Re: Failover / repmgr questions

Norbert Poellmann <np@xxxxxx> · Wed, 1 Feb 2023 16:35:15 +0100

On Tue, Jan 24, 2023 at 12:26:09PM -0700, Sbob wrote:
> All;
> 
> 
> we are constructing a PostgreSQL based architecture that is more complex 
> than "promote node B and manage the IP"  for a failover.
> 
> It would be ideal if I could deploy repmgr and have repmgr run a script 
> for me if it detects a failure, but it looks like this may not be an 
> option. Anyone know if I can force repmgr to do this? Is there a better 
> tool that does?

Hi,

repmgr config option: "promote_command" 
(see https://repmgr.org/docs/repmgr.html) is the way to go.

For that you have to have a running repmgrd (note the "d" for the
daemon part of repmgr) on all postgresql servers in your cluster
and - additionally - on an additional witness node, which is not
part of the postgresql replication, but keeps a clone of the
separate "repmgr" database.

For promote_command You can create a script, which does all the necessery 
details. Example:

# repmgr.conf
promote_command="/usr/local/bin/promote hostname123"

Many environments will need to have the database clients to know, which database
server is the current primary. In case of a failover, the primary
role moves from the old primary database server to the (elected by repmgrd)
new primary database server.
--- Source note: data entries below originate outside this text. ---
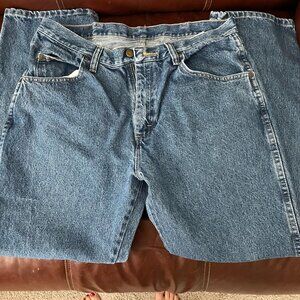 2/$25.00 Men's Wrangler Five Star Regular Fit Jeans 34x30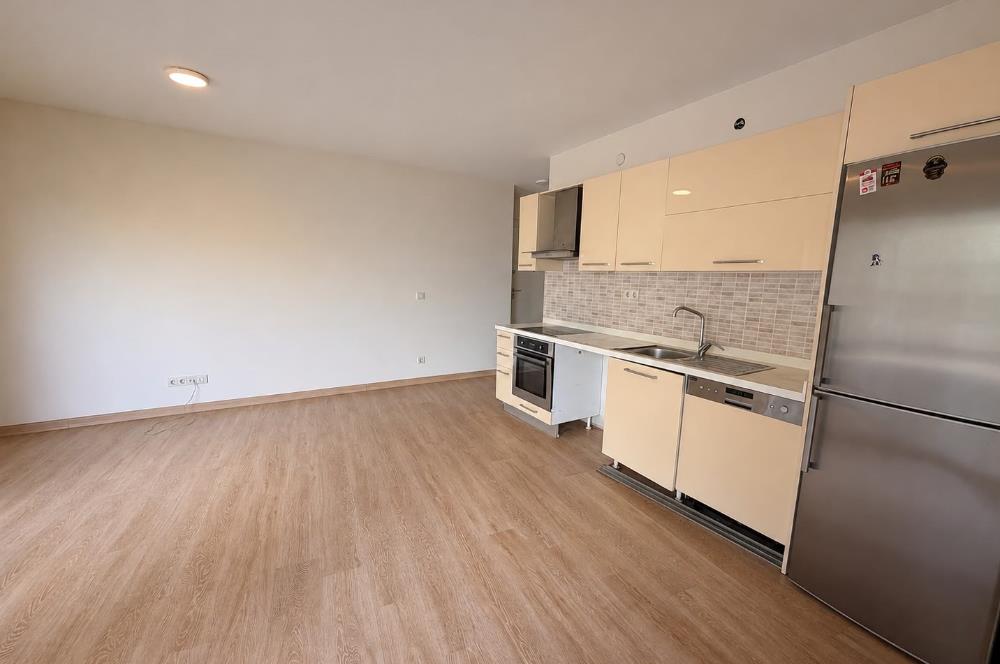 Koç Batı Yurdu'na Yakın Alya Sitesi'nde 1+1 Satılık Daire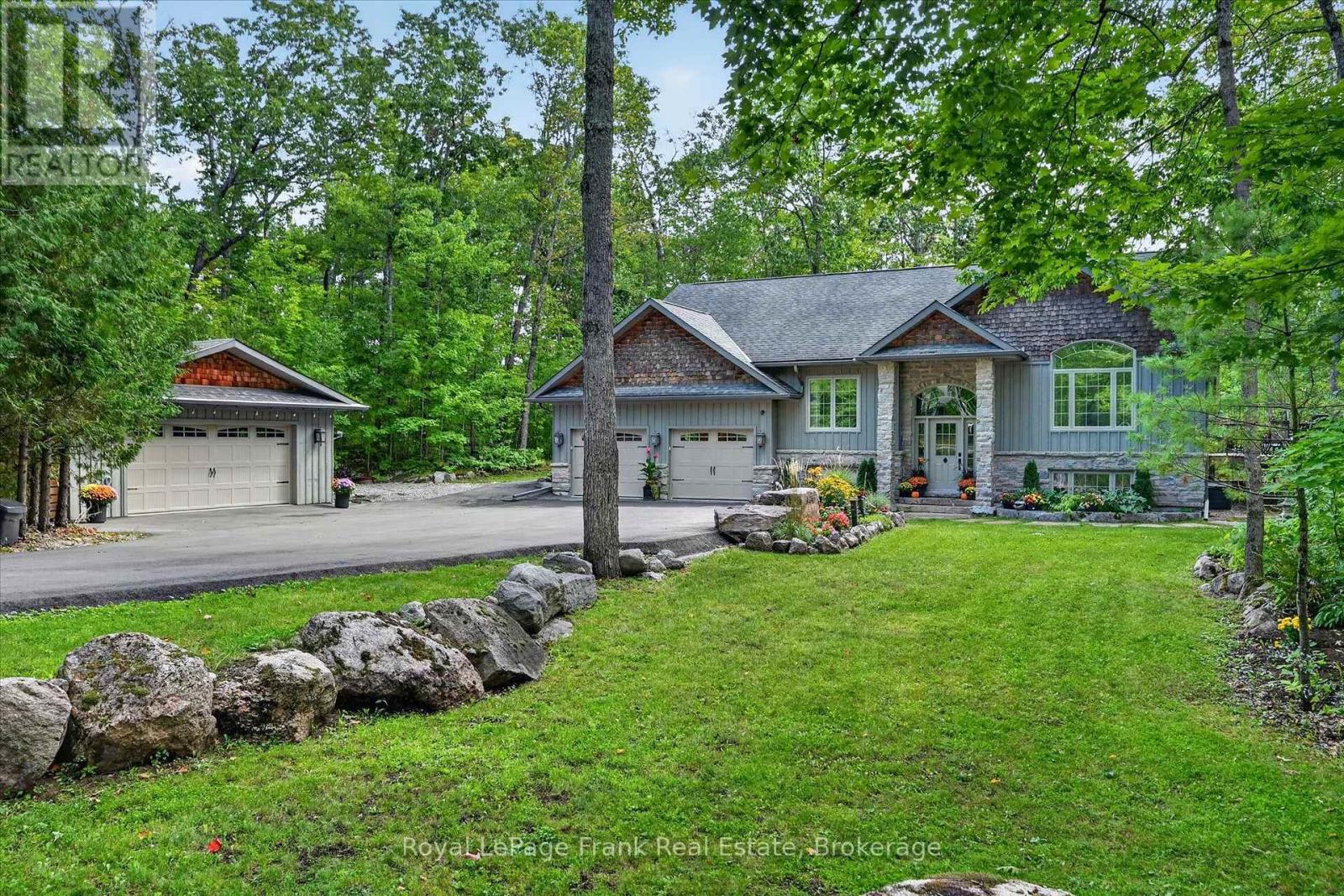 101 MITCHELL CRESCENT - 2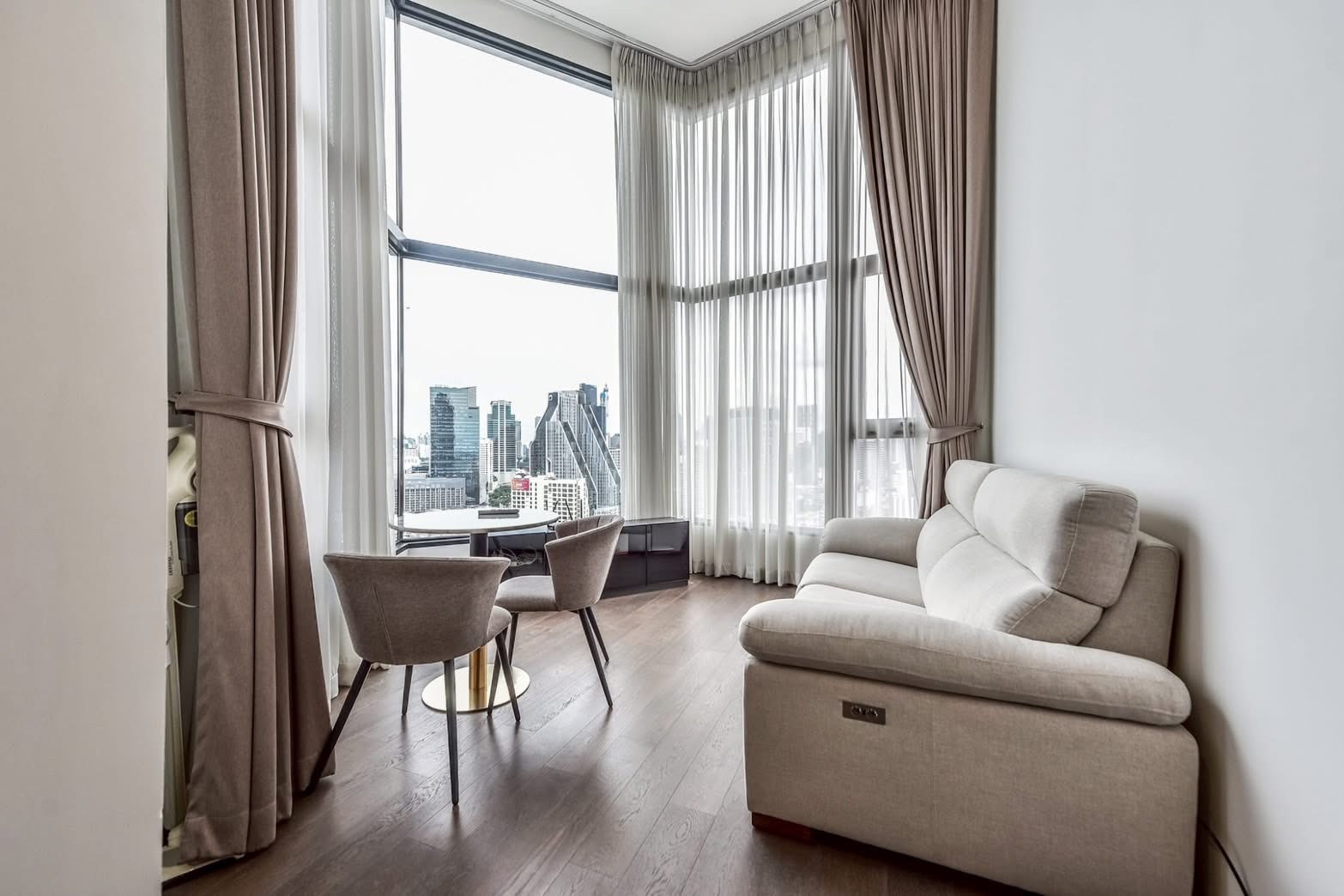🏙️ ขาย Park Origin Chula–Samyan ทำเลศักยภาพ ใจกลางเมือง 2 ห้องนอน ✨ ราคาขายเพียง 9.99 ล้านบาท สนใจ ติดต่อ K.Oilly 📞0935979942 🏙️ ขาย Park Origin Chula–Samyan ทำเลศักยภาพ ใจกลางเมือง 2 ห้องนอน ✨ ราคาขายเพียง 9.99 ล้านบาท สนใจ ติดต่อ K.Oilly 📞0935979942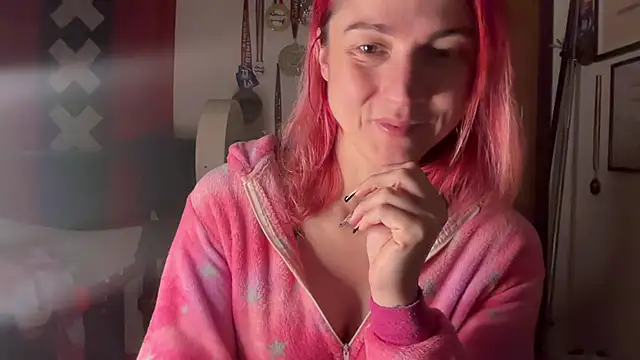 Snapshot of Nikky_Divine chatting on January 16, 2025, 7:31 pm Nikky Divine online show from January 16, 2025, 7:31 pm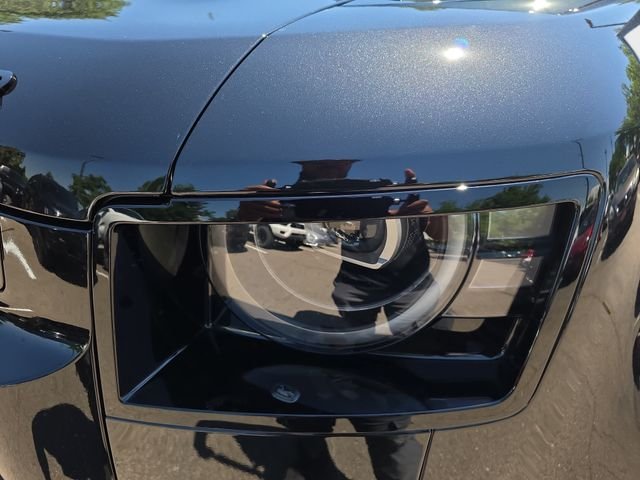 New 2026 Santorini Black Land Rover X-Dynamic SE image 21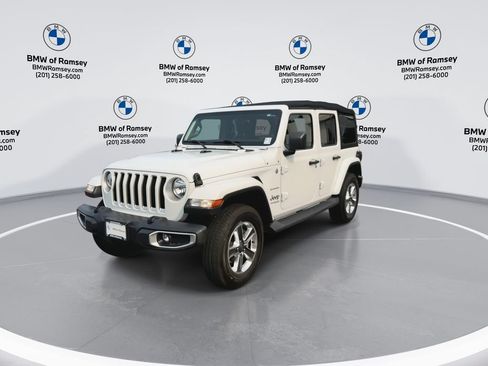 Used 2018 Jeep Wrangler Unlimited Sahara AWD/4WD image 4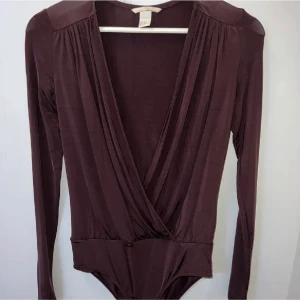 Bodysuit - Säljer denna fina vinröda bodyn för att den aldrig kom till användning🌹🍷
You will want to tell the clients about the move.

In case of failover the /usr/local/bin/promote script will be triggered by
and on the new primary node, which is in the given example "hostname123".

Inside your /usr/local/bin/promote script you can switch the database clients 
or database proxies (examples pgbouncer, haproxy) to point them to the
new primary node.

If that runs well, you can call as one of the last commands in your script
the core server switching command like:

	/usr/bin/repmgr standby promote -f /etc/repmgr.conf 

A last comment to repmgr: it does not avoid in any case to end up with multiple 
primary servers - while it gives warnings about that, for ex. in the "repmgr cluster show"
command.

You must take care, that the old, retired master does not come back into 
the cluster after you have switched the primary role to another, new primary
server - which might be difficult in a jittering network state.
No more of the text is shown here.